Dogmen- und Theologiegeschichte

Autor/Hrsg.:

Beutel, Albrecht, Leppin, Volker, Sträter, Udo, u. Markus Wriedt [Hrsg.]

Titel/Untertitel:

Aufgeklärtes Christentum. Beiträge zur Kirchen- und Theologiegeschichte des 18. Jahrhunderts.

Verlag:

Leipzig: Evangelische Verlagsanstalt 2010. 394 S. m. Abb. gr.8° = Arbeiten zur Kirchen- und Theologiegeschichte, 31. Geb. EUR 58,00. ISBN 978-3-374-02790-3.

Rezensent:

Reinhold Rieger

In diesem Band erscheinen zum dritten Mal Erträge des Arbeitskreises »Religion und Aufklärung«, der sich einmal jährlich in Wittenberg zusammenfindet, um konzentriert zentrale, aber bisher wenig erforschte Bereiche der Theologie der Aufklärungsepoche auszuleuchten. Der jetzt von den Herausgebern, die auch die Leiter des Arbeitskreises sind oder waren, zusammengestellte Band hat einen Schwerpunkt beim Thema der Toleranz, das in zehn von 23 Beiträgen zur Sprache kommt, somit ca. 40 % des Bandes in An­spruch nimmt. Um dieses Kernthema herum gruppieren sich in reizvoller Weise Aufsätze zu Literatur mit religiösen Themen in der Aufklärungszeit, Beiträge zu politischen Aspekten, zur biblischen Hermeneutik, Historiographie, Pädagogik und Homiletik.

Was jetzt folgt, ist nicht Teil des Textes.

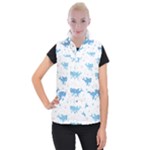 Seamless pattern with cute sharks hearts Women s Button Up Vest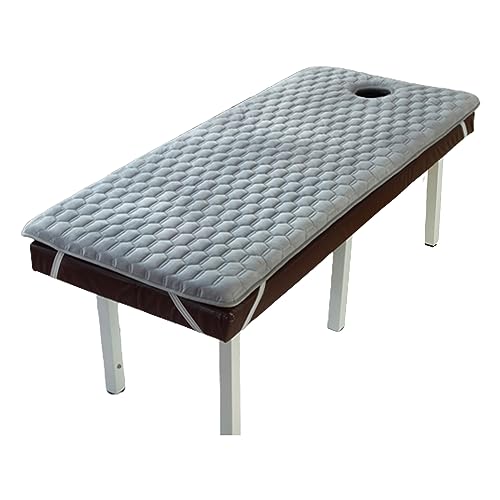 LXJDDLD Massagetisch-Bettmatratzenauflage,Rutschfester Lash Bed Topper Mit Quadratischem Kopf,Massageliege Matratzenauflage Mit Atemloch,Spa-Bettmatratze Für Massagezubehör,Grau,60x180cm 4cm von LXJDDLD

Der im Titel gesteckte zeitliche Rahmen wird in vier Beiträgen überschritten, einmal zurück ins Konfessionelle Zeitalter, dreimal vorwärts ins 19. Jh. Der fleißigste Autor war Dirk Fleischer mit drei Beiträgen, gefolgt von Michael Maurer, der zwei Aufsätze beisteuerte, während alle anderen Autoren sich mit einem Text begnügten.
Das Hauptthema der Toleranz, ein Grundbegriff und Grundanliegen der Aufklärung, wird von dem im Erscheinungsjahr des Bandes verstorbenen Tübinger Praktischen Theologen Hans Martin Müller durch eine Analyse der Entstehungsbedingungen des Menschenrechts der Religionsfreiheit, in der er auf die Antike zurückgreift und die Entwicklung im Christentum bis zur Aufklärung nachzeichnet, eingeführt. In diesem Prozess waren schließlich drei Impulse wirksam, die bis heute anhalten: »1. Die Steigerung des Toleranzgedankens in Richtung auf eine als Menschenrecht verstandene Religionsfreiheit. 2. Die Unterscheidung von in­dividueller und kollektiver Religionsfreiheit. 3. Die Forderung nach konsequenter Trennung von Kirche und Staat« (137).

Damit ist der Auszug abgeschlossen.